In 2012, Andrea Ellis was hired as the Learning Labs Coordinator to execute the eighteen month grant. This meant determining if a learning lab was a viable and desirable project for Kansas City teens, educators, the community at large, and both the Library and Science City. The original grant from MacArthur asked grantees to focus on teenagers and to ground their process in the principles of Connected Learning and HOMAGO.

A teen advisory group was established as part of the project. Applicants went through an intensive interview process. Ultimately twelve were selected (one is missing from the picture below). Each participant was paid a stipend in return for their expertise and feedback regarding the efficacy of building a learning lab, as well as its design.

At the end of the grant cycle, based on input from all of the stakeholders mentioned above, it was determined that a learning lab, or some version of it, was important for area youth. Science City decided to create a maker space that would be open to anyone that visited the museum, which also meant it required an entry fee. The Library decided to remain focused on the teenage demographic because of the lack of safe creation spaces geared toward their unique stage of development. It also was important to the Library that access be free for all participants. The two organizations continued to support each other programmatically, but went their separate ways in terms of execution.

Andrea Ellis continued on with the Library as the Digital Youth Engagement Manager, a new position in YFE. In 2014, she secured a substantial grant from the inaugural Kansas City Digital Inclusion Fund. The award was used to purchase equipment and to hire part-time staff to deliver training at various Library branches. Marcus Brown, now the KCDML Lead Facilitator, was hired for that role. Marcus would pack up equipment that included computers, cameras, circuits, 3D printer, etc. and travel to the branches, as well as other community organization sites, as requested.

After two years of mobile programming it was clear that although those experiences were valuable and allowed the Library to interact with a large number of youth, it did not allow for depth of interaction. At the same time the Library’s YFE department was tackling questions about the staff’s role in engaging the many teenagers that were coming to the Library. KCDML was a great way to commit to an intentional focus on youth development. The tools, resources, and expertise of the lab became simply a pathway to that end. This led to a decision to create a dedicated space for KCDML, which was important because it meant that youth always new where to find the lab. Since the Library is a drop-in space, youth may show up one week and then not again for another month. Having a home base means they can come back to it when they are ready and work on projects as it is relevant to them. It also allowed for all of the resources to remain unpacked and available as needed, which encouraged the implementation of diverse projects happening at the same time.

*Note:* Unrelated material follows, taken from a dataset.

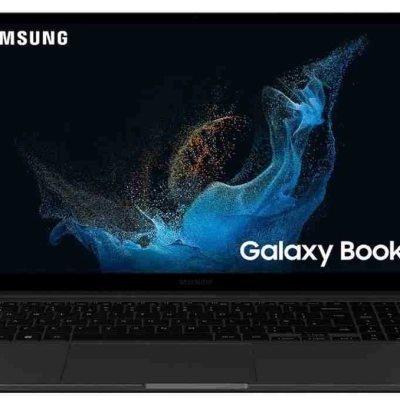 SAMSUNG Galaxy Book2 Laptop: Recensione del Modello Ultrafino da 15.6'' FHD con Intel Core i5 di Dodicesima Generazione e 16GB RAM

In 2018, KCDML opened to the public. Since that time staff has increased. Kiesha Collins started with the team as an AmeriCorps VISTA before taking on her current role as the KCDML Youth Services Librarian. She focuses on patrons 11 and younger, bringing them traditional Library services as well as creating a bridge to the resources and expertise in the lab.  Kyriece DeVine started as a part-time Facilitator, but is now full-time. She is involved in every aspect of the lab, but her primary expertise is in audio engineering. 

One last part of KCDML history is Team Digital. Each summer, beginning in 2015, a group of teens are selected to learn deeply about one or more of the technologies in the lab. They are provided training by KCDML staff and then challenged to create something with that learning. In addition, they are asked to share what they have learned by teaching someone else. The focus of Team Digital changes each year; it could be audio production – podcasts and music, video production – creating how-to videos, or stop motion animation, the options are endless.